### Requirement
Output the listing word for word, minus pictures.

[Data for processing Boundary: Start]

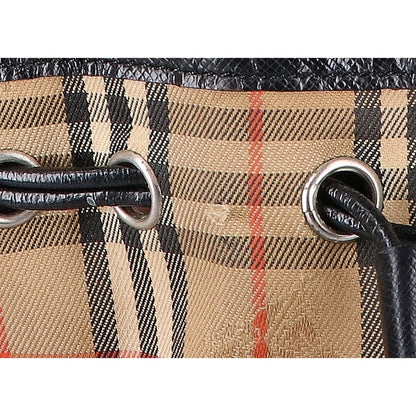 Burberry's バーバリーズ ノバチェック ホースフェリーロゴ 巾着 バッグ ハンドバッグ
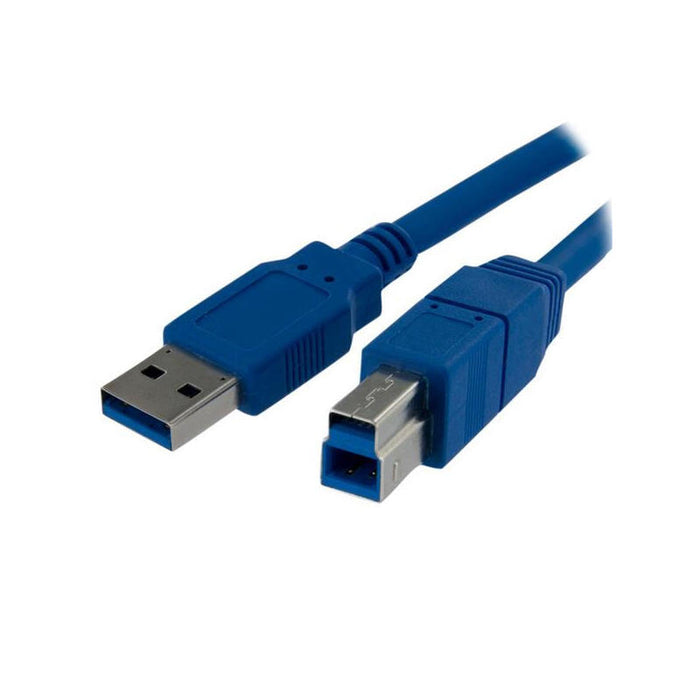 Startech Cable Usb 3.0 Tipo A/B (Impresora) 1m Azul Usb3sab1m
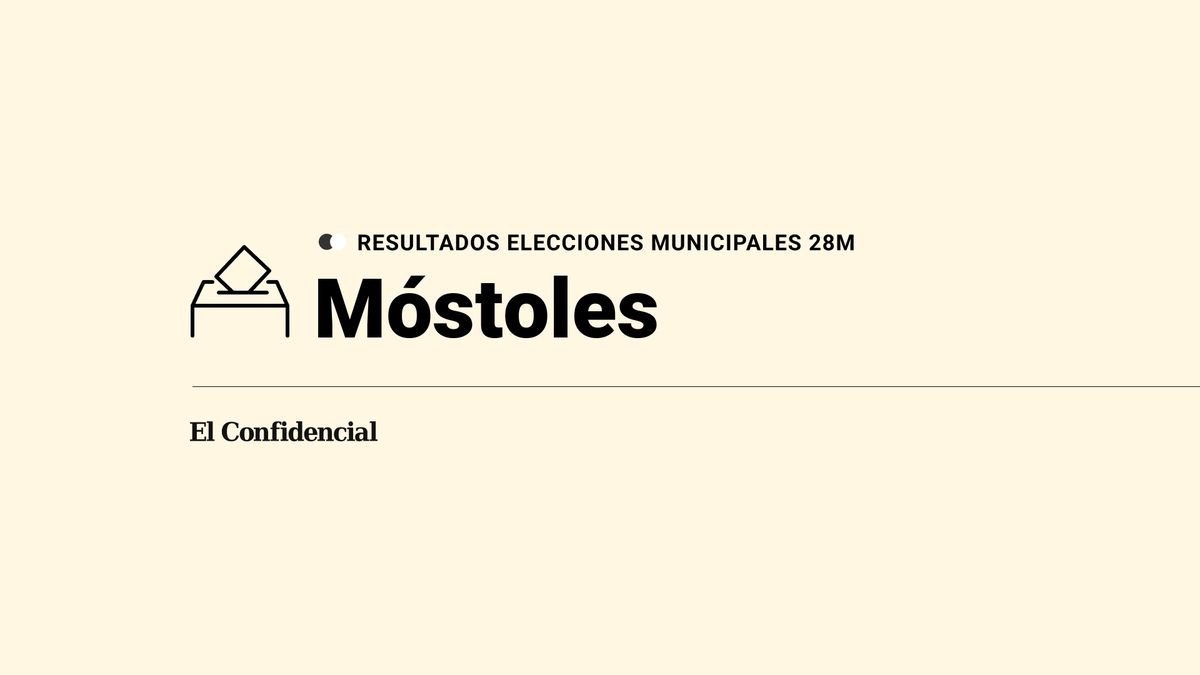 Resultados y escrutinio de las elecciones municipales y autonómicas del 28M en Móstoles: última hora en directo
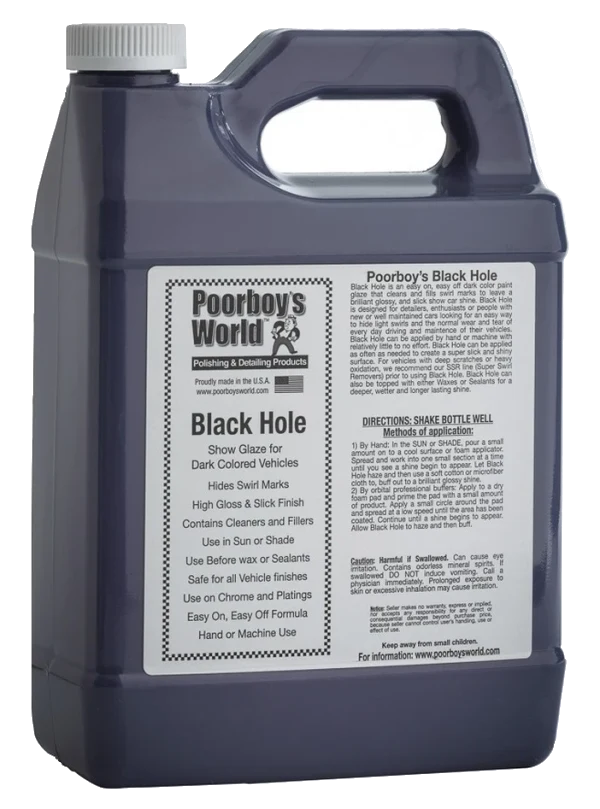 POORBOY'S WORLD Black Hole Show Glaze politura do ciemnych lakierów 3784 ml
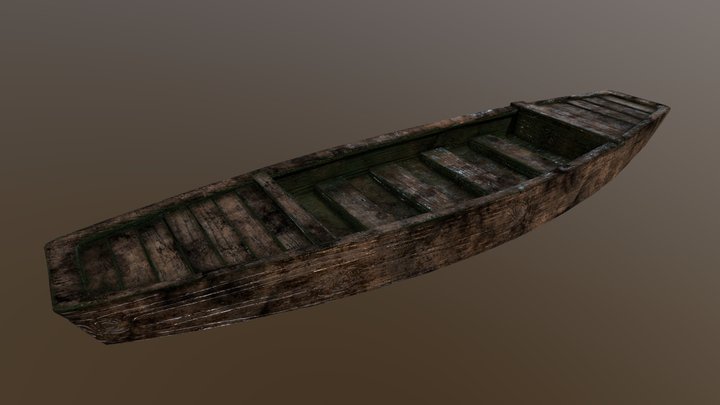 Wood Boat 3D Model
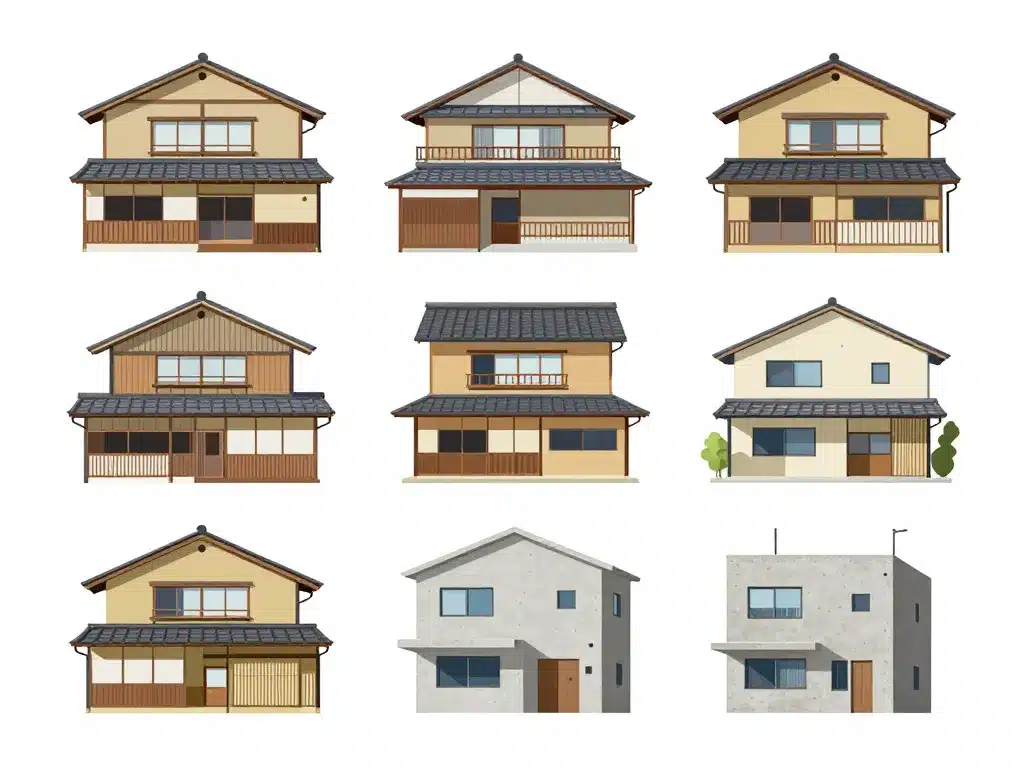 formes maisons japonaises traditionnelles et modernes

[Data for processing Boundary: End]

### Exercise output
 Burberry's バーバリーズ ノバチェック ホースフェリーロゴ 巾着 バッグ ハンドバッグ
 Startech Cable Usb 3.0 Tipo A/B (Impresora) 1m Azul Usb3sab1m
 Resultados y escrutinio de las elecciones municipales y autonómicas del 28M en Móstoles: última hora en directo
 POORBOY'S WORLD Black Hole Show Glaze politura do ciemnych lakierów 3784 ml
 Wood Boat 3D Model
 formes maisons japonaises traditionnelles et modernes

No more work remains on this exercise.